====== The data
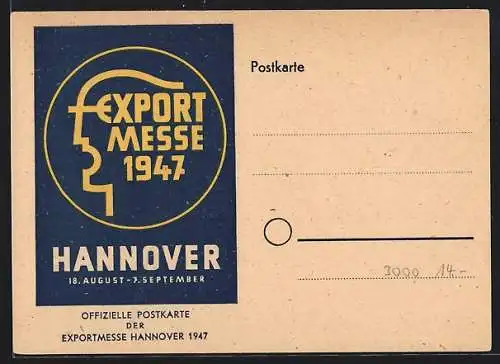 AK Hannover, Export Messe 1947, Werbeplakat, Ausstellung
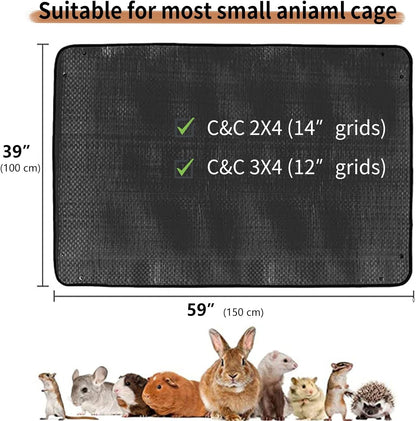 Oncpcare Waterproof Pet Playpen Mat 59"X39" (Black) – Washable and Reusable Cage Liner Tarp for Rabbit, Guinea Pig, Ferret, and Small Animal Habitat Protection6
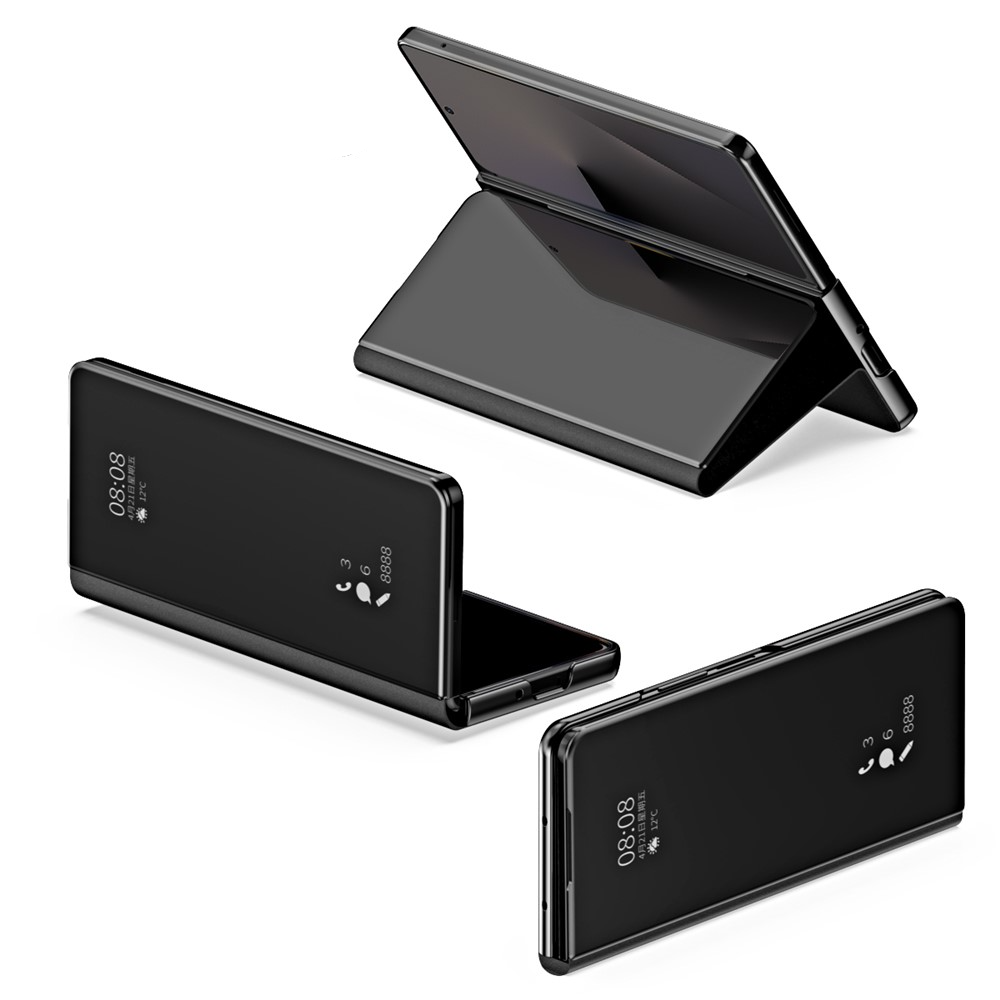 Samsung Galaxy Z Fold7 Clear View Standing Flip Cover Tasche - Schwarz
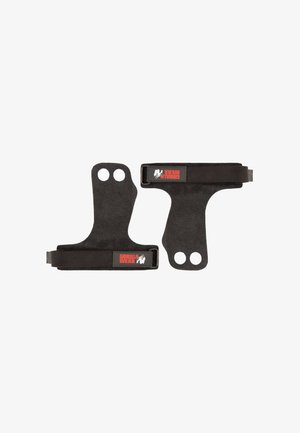 Een paar zwarte fitnesshandschoenen met vingersleuven en verstelbare riemen met het label Gorilla Wear, ontworpen voor gewichtheffen.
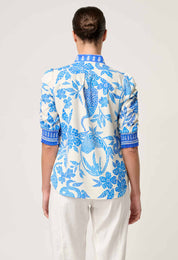 Model wearing ONCE WAS Calantha viscose dobby rouched sleeve shirt in azure mosaic back view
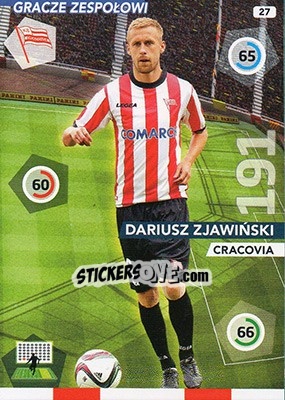 Figurina Dariusz Zjawiński - Ekstraklasa 2015-2016. Adrenalyn XL - Panini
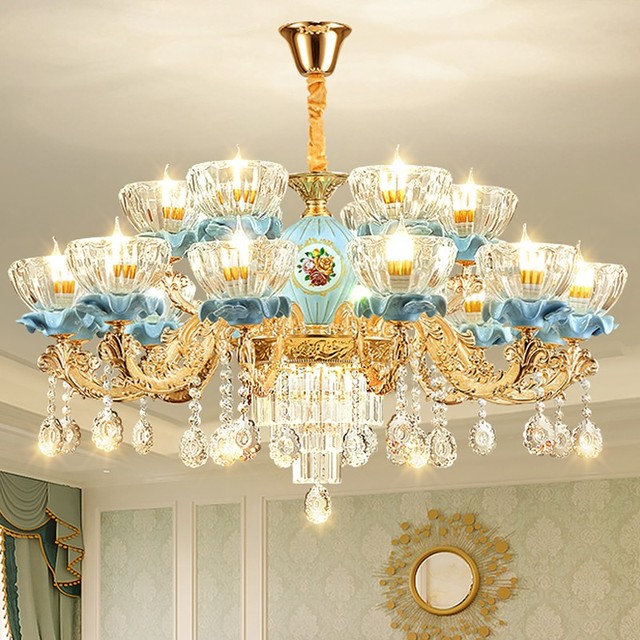 欧式水晶吊灯客厅大灯轻奢网红卧室餐厅高档大气陶瓷灯具套餐组合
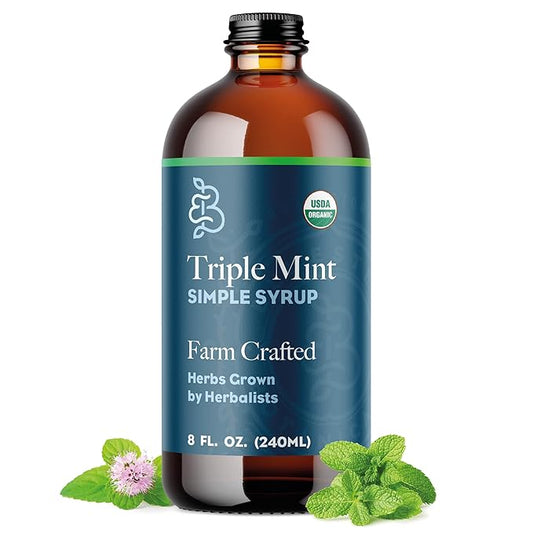 Bluestem Botanicals Organic Triple Mint Simple Syrup, 8 oz, Cocktail and Mocktail Mixer for Drinks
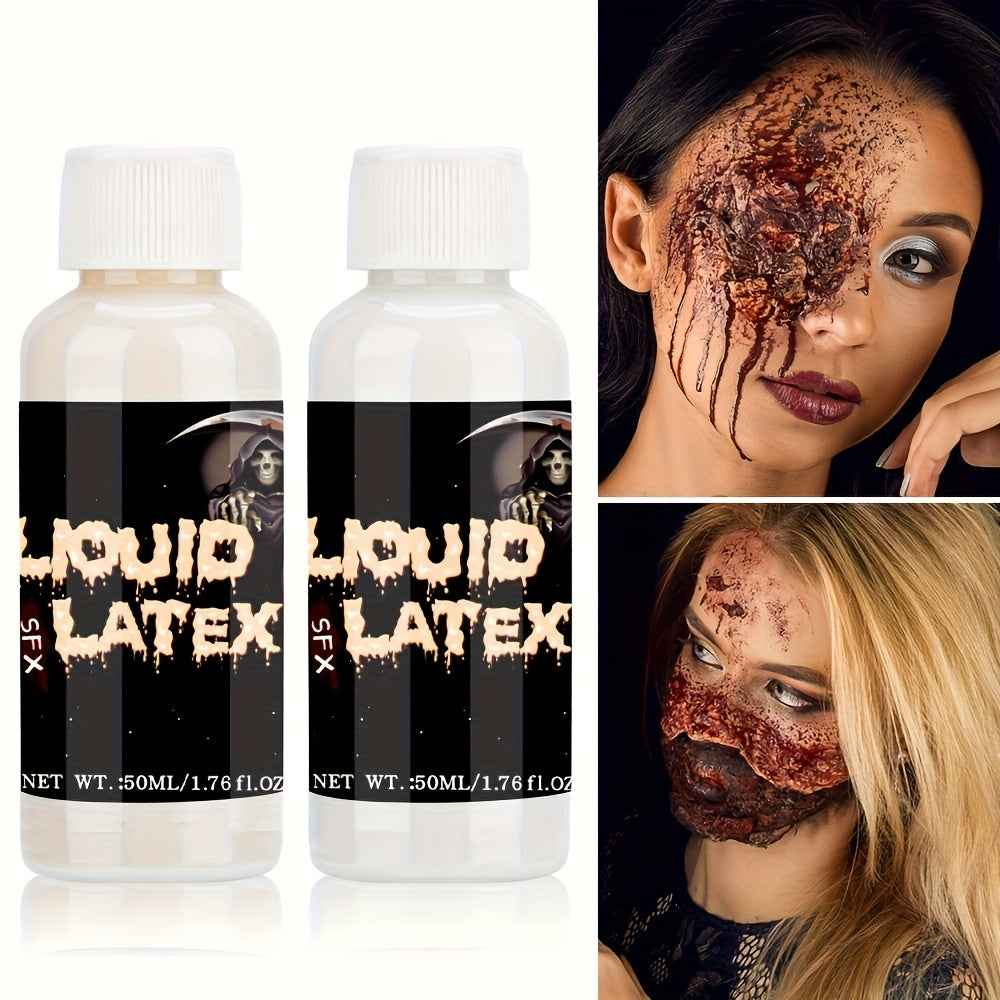 1.76fl.oz Liquid Latex for SFX Makeup - Clear White & Light Flesh Color Fake Blood, Liquid Latex for Halloween Costume, Zombie, Vampire & Monster FX, Wet Look (1.76fl.oz/50ml)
============
- What to do: Your task is to copy only the lines above starting at the one containing "Een paar zwarte" and ending at the one containing "欧式水晶吊灯客厅大灯轻奢网红卧室餐厅高档大气陶瓷灯具套餐组合". Copy them exactly, both ends included, and omit the pictures.

- Answer for this exercise:
 Een paar zwarte fitnesshandschoenen met vingersleuven en verstelbare riemen met het label Gorilla Wear, ontworpen voor gewichtheffen.
 Model wearing ONCE WAS Calantha viscose dobby rouched sleeve shirt in azure mosaic back view
 Figurina Dariusz Zjawiński - Ekstraklasa 2015-2016. Adrenalyn XL - Panini
 欧式水晶吊灯客厅大灯轻奢网红卧室餐厅高档大气陶瓷灯具套餐组合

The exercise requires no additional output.